Although they have access to so many heirloom fruits and vegetables, the Gettles tend to cook with whatever is ready to pull from the garden. Often they end up blending a few different varieties of vegetables together. For example, when Emilee makes her grandmother's pickley potato salad, she sometimes mixes blue potatoes with a yellow variety so the result tastes earthier. Versions of her fluffy Chinese steamed buns made with Asian greens and curried-rice-stuffed sweet peppers are often on the menu at the vegetarian restaurant in Bakersville. That might seem out of place in a 19th-century Ozarks village, but it's just right for a couple of young activists who have traveled the world to find seeds.
Heirloom Vegetable Gardening: Cook's Guide to Saving Seeds
Jere and Emilee Gettle's forthcoming book, The Heirloom Life Gardener, outlines the easiest way to save seeds. Here are five things to know.
1. Save Only Heirlooms
Also known as open-pollinated varieties, heirloom seeds can be passed down for years; hybrid seeds usually don't reproduce properly.

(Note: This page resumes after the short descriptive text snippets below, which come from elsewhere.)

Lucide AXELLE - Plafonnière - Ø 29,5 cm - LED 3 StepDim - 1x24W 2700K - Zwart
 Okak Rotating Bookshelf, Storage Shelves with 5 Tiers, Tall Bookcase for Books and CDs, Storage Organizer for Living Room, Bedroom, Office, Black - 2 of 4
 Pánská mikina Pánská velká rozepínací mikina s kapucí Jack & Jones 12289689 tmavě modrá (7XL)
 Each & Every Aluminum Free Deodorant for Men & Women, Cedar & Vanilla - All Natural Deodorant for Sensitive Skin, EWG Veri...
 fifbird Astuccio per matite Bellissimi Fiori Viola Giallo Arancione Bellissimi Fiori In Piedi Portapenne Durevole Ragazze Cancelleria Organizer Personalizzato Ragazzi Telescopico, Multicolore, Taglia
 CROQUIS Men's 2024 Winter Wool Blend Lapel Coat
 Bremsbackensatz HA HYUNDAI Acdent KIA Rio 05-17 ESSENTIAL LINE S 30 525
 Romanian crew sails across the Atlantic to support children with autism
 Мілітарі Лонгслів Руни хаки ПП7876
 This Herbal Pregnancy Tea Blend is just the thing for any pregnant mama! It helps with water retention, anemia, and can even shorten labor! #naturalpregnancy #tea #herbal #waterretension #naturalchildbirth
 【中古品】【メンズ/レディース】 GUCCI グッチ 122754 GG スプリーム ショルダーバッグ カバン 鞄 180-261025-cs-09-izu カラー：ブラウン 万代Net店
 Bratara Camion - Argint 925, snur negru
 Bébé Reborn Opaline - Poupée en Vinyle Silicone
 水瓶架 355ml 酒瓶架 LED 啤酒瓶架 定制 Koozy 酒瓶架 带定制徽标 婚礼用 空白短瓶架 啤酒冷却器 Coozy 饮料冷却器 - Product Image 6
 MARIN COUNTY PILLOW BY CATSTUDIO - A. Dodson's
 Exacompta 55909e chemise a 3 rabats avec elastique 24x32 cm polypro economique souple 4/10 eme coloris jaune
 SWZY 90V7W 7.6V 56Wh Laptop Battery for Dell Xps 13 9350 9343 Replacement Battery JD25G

2. Choose the Most Desirable Plants
Look for useful traits (for example, great flavor or early ripening) and keep seeds from ripe and healthy produce.
3. Learn the Quirks of Saving Different Seeds
4. Clean, then Dry
Spread well-cleaned seeds on newspaper or paper plates and let dry for several days, stirring occasionally. If it's humid, use a fan to speed up the process.
5. Store in a Cool Place
Seeds will last for at least 3 years (and up to 10) in a dark, cool and dry spot.